◆ **YOUR OBJECTIVE**:
Reproduce exactly the lines from the one containing "Gallery Of Mountains Holiday 4*" through the last line of the records below, both included. Leave out any pictures.
Segment Start: RECORDS
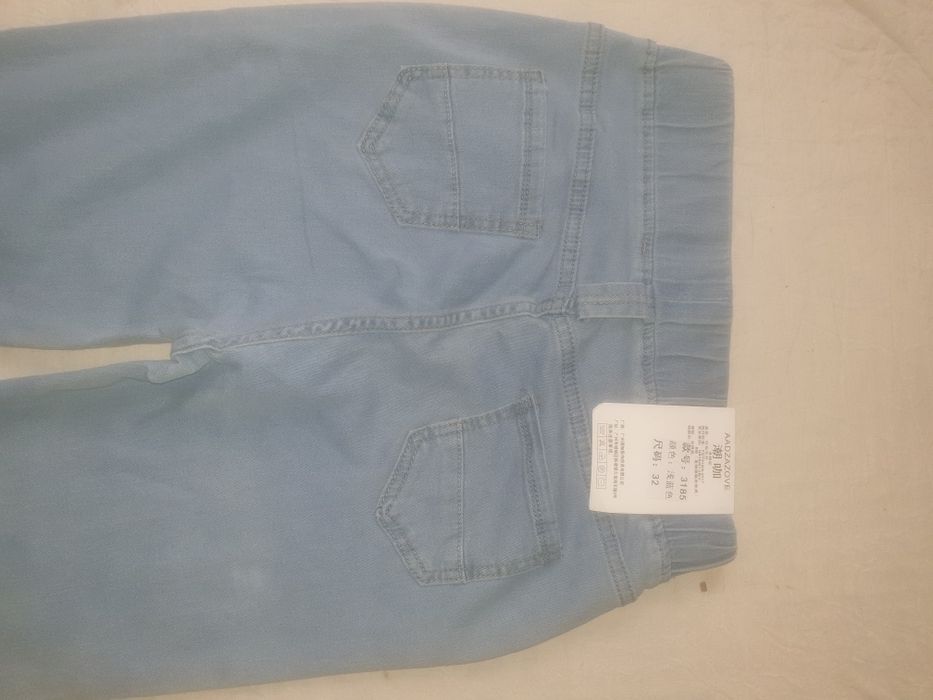 Женские брюки 32 размер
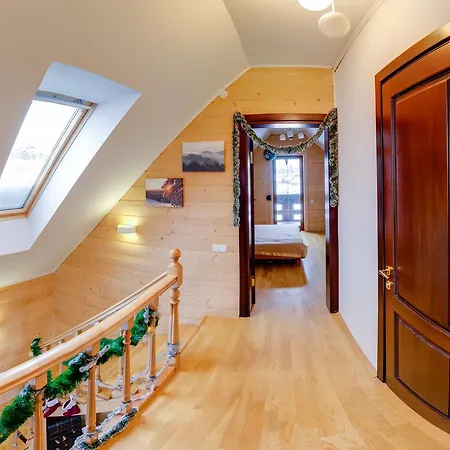 Gallery Of Mountains Holiday 4*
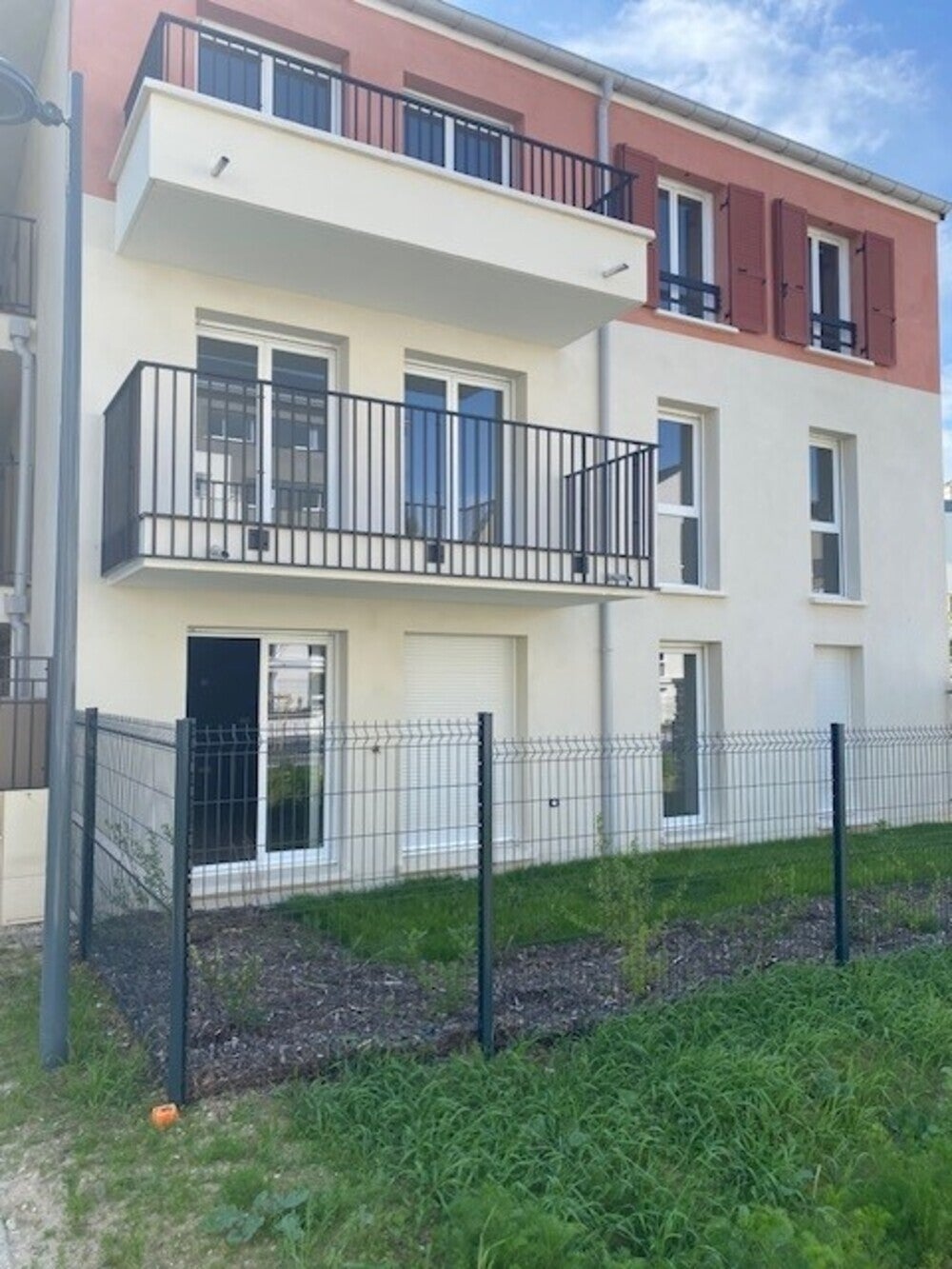 Appartement Rue Angélique du Coudray à Melun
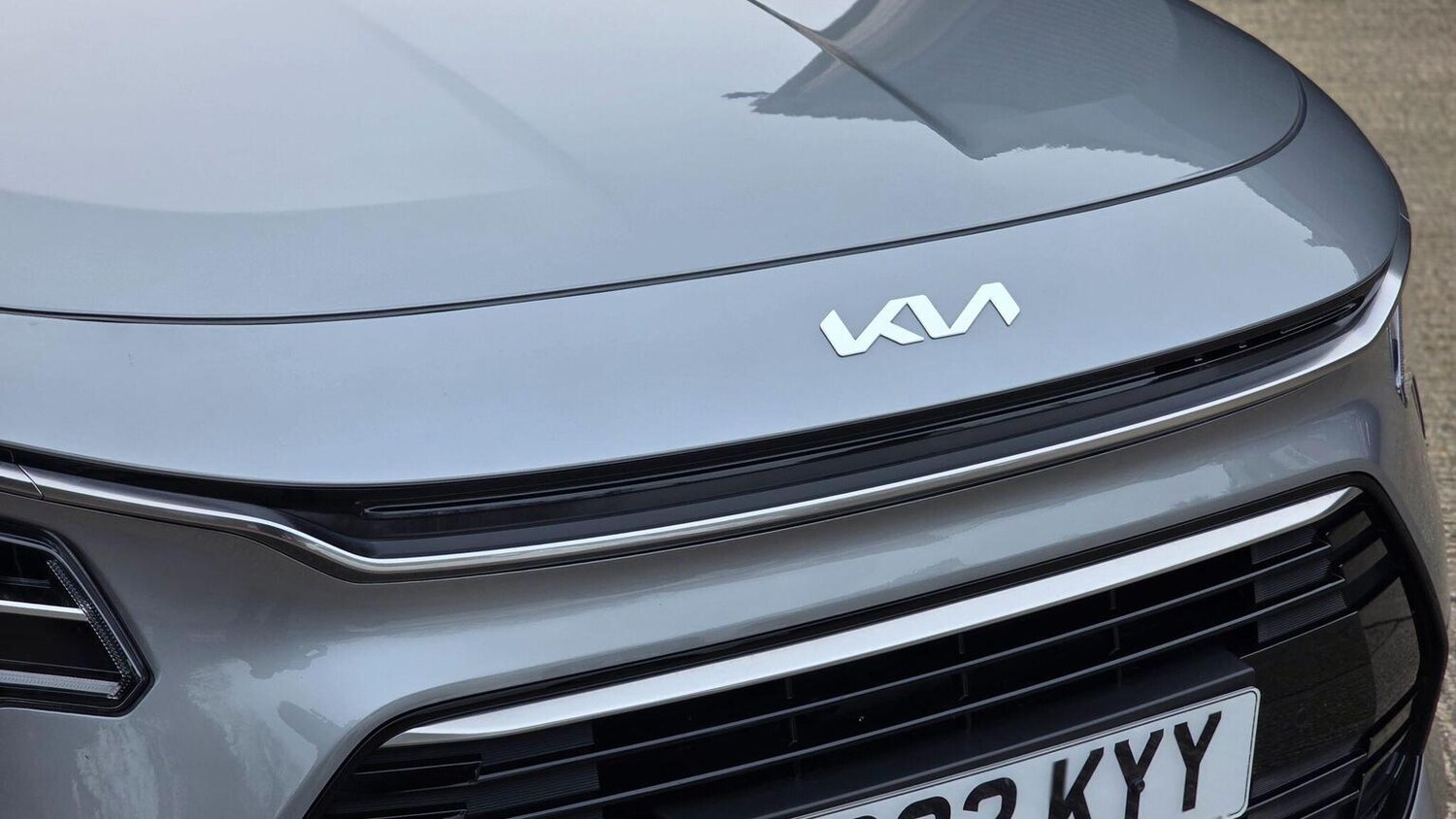 Used Kia Niro 2022 for sale - 77635337: Photo 81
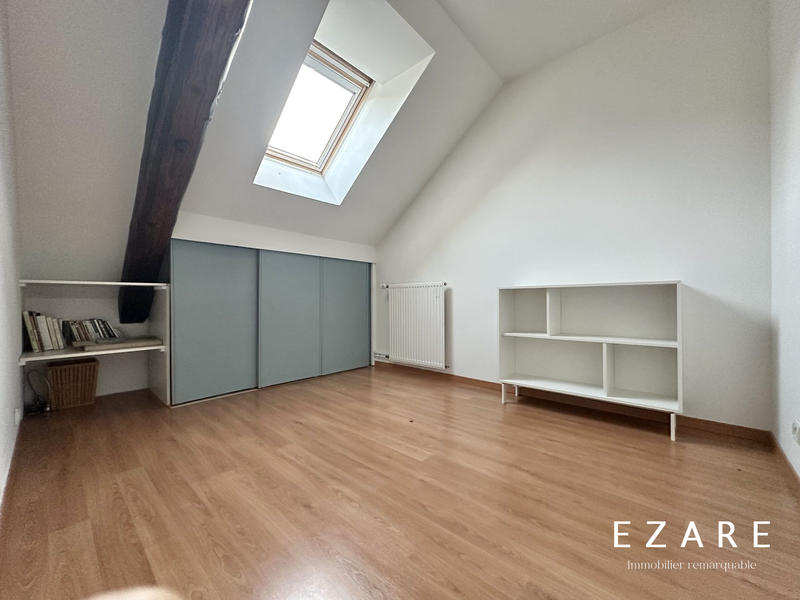 Appartement - 71 m² - 4 pièces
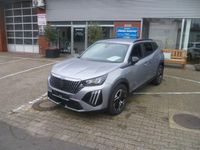 Gebraucht Peugeot 2008 Allure 131 PS (96 kW) 2024 Gris artense SUV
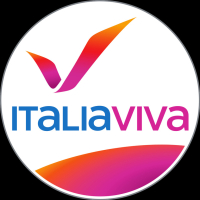 Politica - Italia Viva (logo)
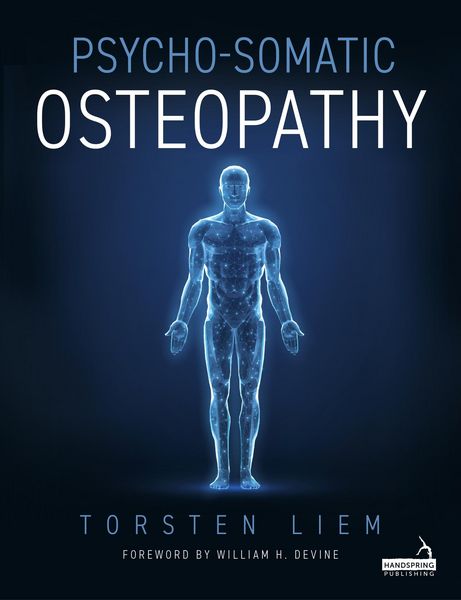 Produktbild: Psycho-somatic Osteopathy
Segment End: RECORDS
◆ **RESULT FOR THIS EXERCISE**:
 Gallery Of Mountains Holiday 4*
 Appartement Rue Angélique du Coudray à Melun
 Used Kia Niro 2022 for sale - 77635337: Photo 81
 Appartement - 71 m² - 4 pièces
 Gebraucht Peugeot 2008 Allure 131 PS (96 kW) 2024 Gris artense SUV
 Politica - Italia Viva (logo)
 Produktbild: Psycho-somatic Osteopathy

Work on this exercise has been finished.